*** Source material ***

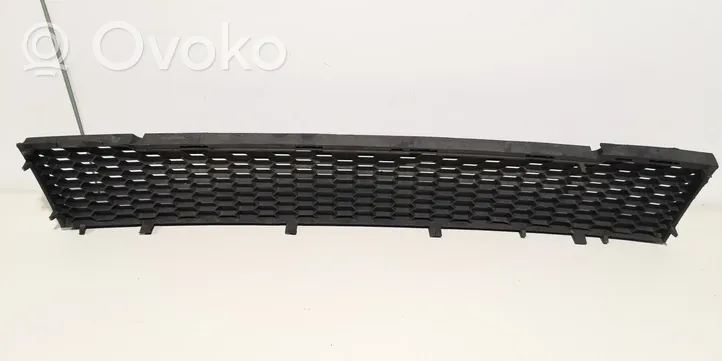 Fiat 500 Grille inférieure de pare-chocs avant 735425618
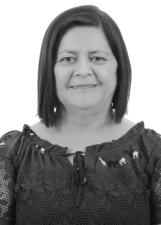 Foto de MARIA VALENTIM MOREIRA ALENCAR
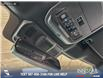 2024 Ford F-150 Lariat (Stk: RC19679) in Airdrie - Image 21 of 25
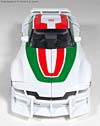 Generations Wheeljack - Image #16 of 222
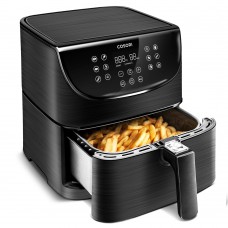 Cosori Air Fryer 5.5L-Black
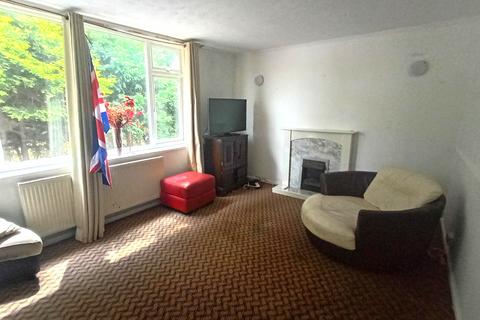 2 bedroom apartment to rent, Rumer Hill Road, CANNOCK, WS11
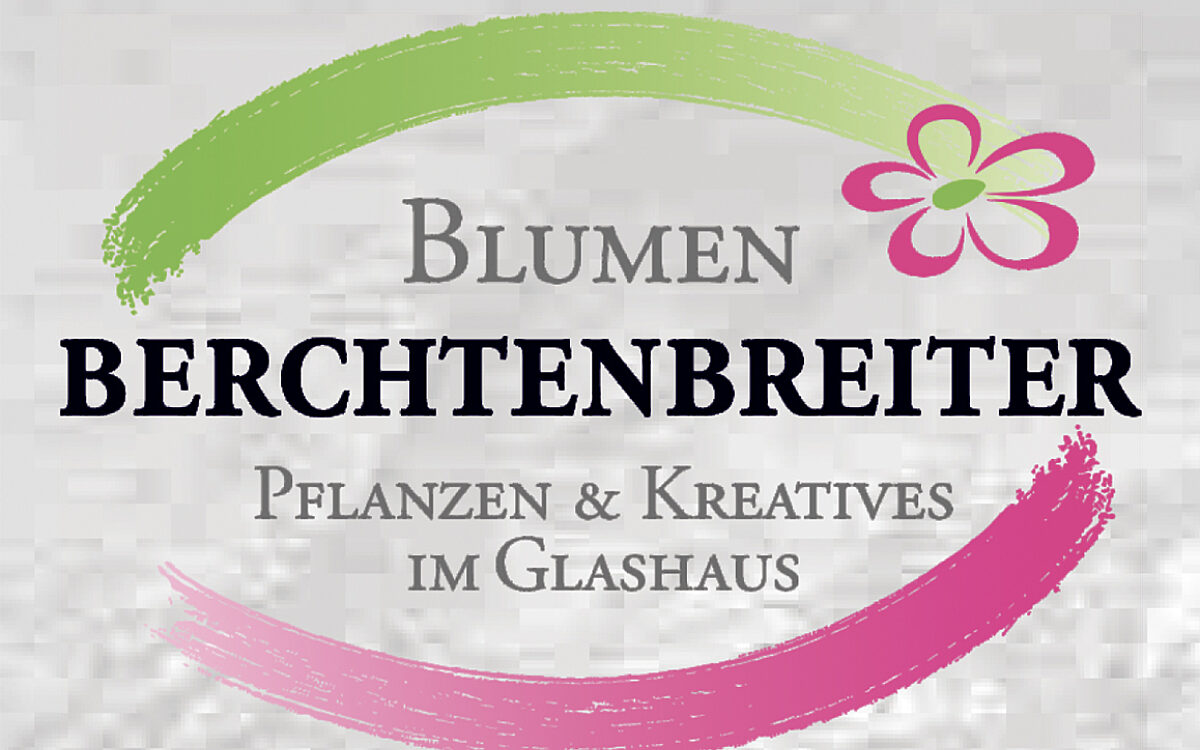 Valentinstag Logo Berchtenbreiter Valentinstag Logo Berchtenbreiter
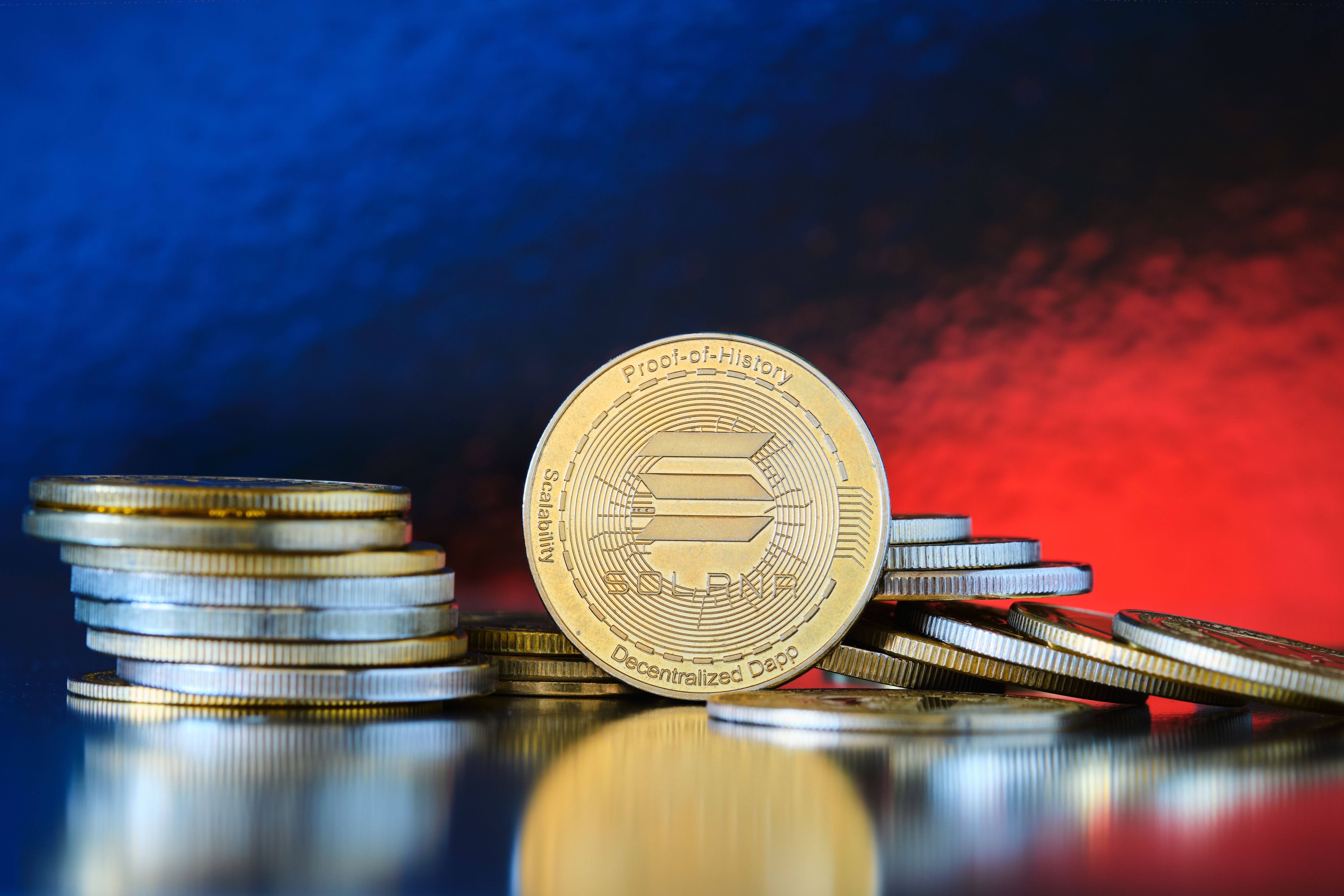 Bitwise Debuts $1.25B BITW ETF With Exposure to Bitcoin, Ethereum, XRP, Solana, Cardano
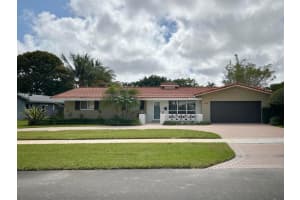 4704 Fillmore Street, Hollywood, Fl 33021, Hollywood 4704 Fillmore Street, Hollywood, Fl 33021, Hollywood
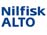 Nilfisk-ALTO plovimo ir valymo įranga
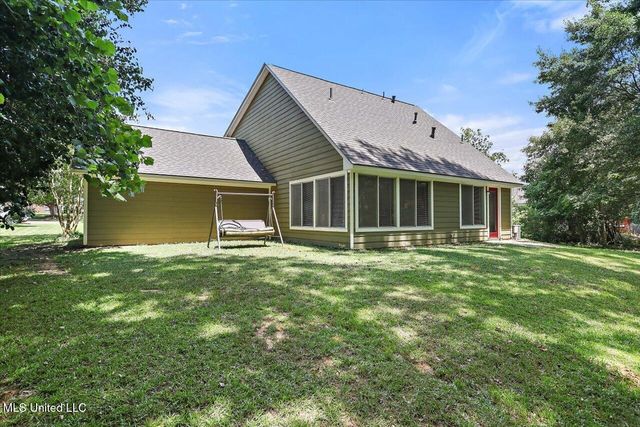 3118 Tynes Drive, Byram, MS 39272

*** End of Source material ***

#### Your task
The answer should hold every line of the listing, copied exactly, with no pictures.

#### Solved exercise
 Fiat 500 Grille inférieure de pare-chocs avant 735425618
 Foto de MARIA VALENTIM MOREIRA ALENCAR
 2024 Ford F-150 Lariat (Stk: RC19679) in Airdrie - Image 21 of 25
 Generations Wheeljack - Image #16 of 222
 Cosori Air Fryer 5.5L-Black
 2 bedroom apartment to rent, Rumer Hill Road, CANNOCK, WS11
 Valentinstag Logo Berchtenbreiter Valentinstag Logo Berchtenbreiter
 Bitwise Debuts $1.25B BITW ETF With Exposure to Bitcoin, Ethereum, XRP, Solana, Cardano
 4704 Fillmore Street, Hollywood, Fl 33021, Hollywood 4704 Fillmore Street, Hollywood, Fl 33021, Hollywood
 Nilfisk-ALTO plovimo ir valymo įranga
 3118 Tynes Drive, Byram, MS 39272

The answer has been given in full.